#### [Your instructions]
When you respond, write out each entry exactly as it stands.

**** Supplied information ****

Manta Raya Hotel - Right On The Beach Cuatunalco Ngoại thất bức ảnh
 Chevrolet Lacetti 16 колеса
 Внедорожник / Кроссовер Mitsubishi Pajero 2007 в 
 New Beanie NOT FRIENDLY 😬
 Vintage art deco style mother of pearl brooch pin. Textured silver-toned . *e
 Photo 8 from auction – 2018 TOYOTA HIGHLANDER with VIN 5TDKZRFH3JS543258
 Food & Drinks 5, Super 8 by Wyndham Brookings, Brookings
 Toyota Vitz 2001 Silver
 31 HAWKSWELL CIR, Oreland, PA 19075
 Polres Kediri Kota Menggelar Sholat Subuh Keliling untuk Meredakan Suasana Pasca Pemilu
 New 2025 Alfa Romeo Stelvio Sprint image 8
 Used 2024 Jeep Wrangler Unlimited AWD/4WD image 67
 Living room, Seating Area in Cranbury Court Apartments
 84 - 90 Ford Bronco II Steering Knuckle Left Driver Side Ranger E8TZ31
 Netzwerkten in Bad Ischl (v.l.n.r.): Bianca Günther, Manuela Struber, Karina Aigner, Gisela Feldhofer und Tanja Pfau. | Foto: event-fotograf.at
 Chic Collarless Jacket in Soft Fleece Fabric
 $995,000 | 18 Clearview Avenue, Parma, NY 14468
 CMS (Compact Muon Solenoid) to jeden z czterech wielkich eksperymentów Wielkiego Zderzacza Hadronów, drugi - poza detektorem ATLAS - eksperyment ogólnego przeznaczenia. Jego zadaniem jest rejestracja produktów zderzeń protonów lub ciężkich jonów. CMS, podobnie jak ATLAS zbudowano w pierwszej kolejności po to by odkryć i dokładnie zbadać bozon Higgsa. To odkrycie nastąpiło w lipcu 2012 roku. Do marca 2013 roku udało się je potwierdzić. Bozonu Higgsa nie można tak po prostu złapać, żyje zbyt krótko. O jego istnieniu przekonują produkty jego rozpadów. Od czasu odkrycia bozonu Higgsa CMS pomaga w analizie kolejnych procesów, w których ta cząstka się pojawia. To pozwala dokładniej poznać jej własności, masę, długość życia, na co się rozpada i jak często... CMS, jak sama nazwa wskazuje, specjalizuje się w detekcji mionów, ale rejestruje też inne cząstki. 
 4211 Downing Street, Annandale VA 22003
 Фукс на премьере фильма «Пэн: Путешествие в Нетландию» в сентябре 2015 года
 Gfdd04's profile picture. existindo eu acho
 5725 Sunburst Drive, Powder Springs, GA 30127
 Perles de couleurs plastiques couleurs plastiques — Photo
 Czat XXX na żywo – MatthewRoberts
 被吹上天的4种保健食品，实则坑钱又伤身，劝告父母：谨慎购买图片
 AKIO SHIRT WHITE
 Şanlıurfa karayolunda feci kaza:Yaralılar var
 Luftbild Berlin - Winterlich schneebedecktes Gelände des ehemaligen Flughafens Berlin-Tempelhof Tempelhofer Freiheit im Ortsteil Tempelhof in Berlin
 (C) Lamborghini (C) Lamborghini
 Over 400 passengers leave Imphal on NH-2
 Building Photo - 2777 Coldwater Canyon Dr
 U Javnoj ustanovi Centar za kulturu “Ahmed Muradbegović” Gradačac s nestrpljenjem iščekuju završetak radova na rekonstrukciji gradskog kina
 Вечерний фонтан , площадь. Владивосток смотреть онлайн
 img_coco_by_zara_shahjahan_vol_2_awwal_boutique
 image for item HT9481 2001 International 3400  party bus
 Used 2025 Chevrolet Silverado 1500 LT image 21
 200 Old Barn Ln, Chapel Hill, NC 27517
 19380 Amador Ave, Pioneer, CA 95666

****

#### [Finished exercise]
Manta Raya Hotel - Right On The Beach Cuatunalco Ngoại thất bức ảnh
 Chevrolet Lacetti 16 колеса
 Внедорожник / Кроссовер Mitsubishi Pajero 2007 в 
 New Beanie NOT FRIENDLY 😬
 Vintage art deco style mother of pearl brooch pin. Textured silver-toned . *e
 Photo 8 from auction – 2018 TOYOTA HIGHLANDER with VIN 5TDKZRFH3JS543258
 Food & Drinks 5, Super 8 by Wyndham Brookings, Brookings
 Toyota Vitz 2001 Silver
 31 HAWKSWELL CIR, Oreland, PA 19075
 Polres Kediri Kota Menggelar Sholat Subuh Keliling untuk Meredakan Suasana Pasca Pemilu
 New 2025 Alfa Romeo Stelvio Sprint image 8
 Used 2024 Jeep Wrangler Unlimited AWD/4WD image 67
 Living room, Seating Area in Cranbury Court Apartments
 84 - 90 Ford Bronco II Steering Knuckle Left Driver Side Ranger E8TZ31
 Netzwerkten in Bad Ischl (v.l.n.r.): Bianca Günther, Manuela Struber, Karina Aigner, Gisela Feldhofer und Tanja Pfau. | Foto: event-fotograf.at
 Chic Collarless Jacket in Soft Fleece Fabric
 $995,000 | 18 Clearview Avenue, Parma, NY 14468
 CMS (Compact Muon Solenoid) to jeden z czterech wielkich eksperymentów Wielkiego Zderzacza Hadronów, drugi - poza detektorem ATLAS - eksperyment ogólnego przeznaczenia. Jego zadaniem jest rejestracja produktów zderzeń protonów lub ciężkich jonów. CMS, podobnie jak ATLAS zbudowano w pierwszej kolejności po to by odkryć i dokładnie zbadać bozon Higgsa. To odkrycie nastąpiło w lipcu 2012 roku. Do marca 2013 roku udało się je potwierdzić. Bozonu Higgsa nie można tak po prostu złapać, żyje zbyt krótko. O jego istnieniu przekonują produkty jego rozpadów. Od czasu odkrycia bozonu Higgsa CMS pomaga w analizie kolejnych procesów, w których ta cząstka się pojawia. To pozwala dokładniej poznać jej własności, masę, długość życia, na co się rozpada i jak często... CMS, jak sama nazwa wskazuje, specjalizuje się w detekcji mionów, ale rejestruje też inne cząstki. 
 4211 Downing Street, Annandale VA 22003
 Фукс на премьере фильма «Пэн: Путешествие в Нетландию» в сентябре 2015 года
 Gfdd04's profile picture. existindo eu acho
 5725 Sunburst Drive, Powder Springs, GA 30127
 Perles de couleurs plastiques couleurs plastiques — Photo
 Czat XXX na żywo – MatthewRoberts
 被吹上天的4种保健食品，实则坑钱又伤身，劝告父母：谨慎购买图片
 AKIO SHIRT WHITE
 Şanlıurfa karayolunda feci kaza:Yaralılar var
 Luftbild Berlin - Winterlich schneebedecktes Gelände des ehemaligen Flughafens Berlin-Tempelhof Tempelhofer Freiheit im Ortsteil Tempelhof in Berlin
 (C) Lamborghini (C) Lamborghini
 Over 400 passengers leave Imphal on NH-2
 Building Photo - 2777 Coldwater Canyon Dr
 U Javnoj ustanovi Centar za kulturu “Ahmed Muradbegović” Gradačac s nestrpljenjem iščekuju završetak radova na rekonstrukciji gradskog kina
 Вечерний фонтан , площадь. Владивосток смотреть онлайн
 img_coco_by_zara_shahjahan_vol_2_awwal_boutique
 image for item HT9481 2001 International 3400  party bus
 Used 2025 Chevrolet Silverado 1500 LT image 21
 200 Old Barn Ln, Chapel Hill, NC 27517
 19380 Amador Ave, Pioneer, CA 95666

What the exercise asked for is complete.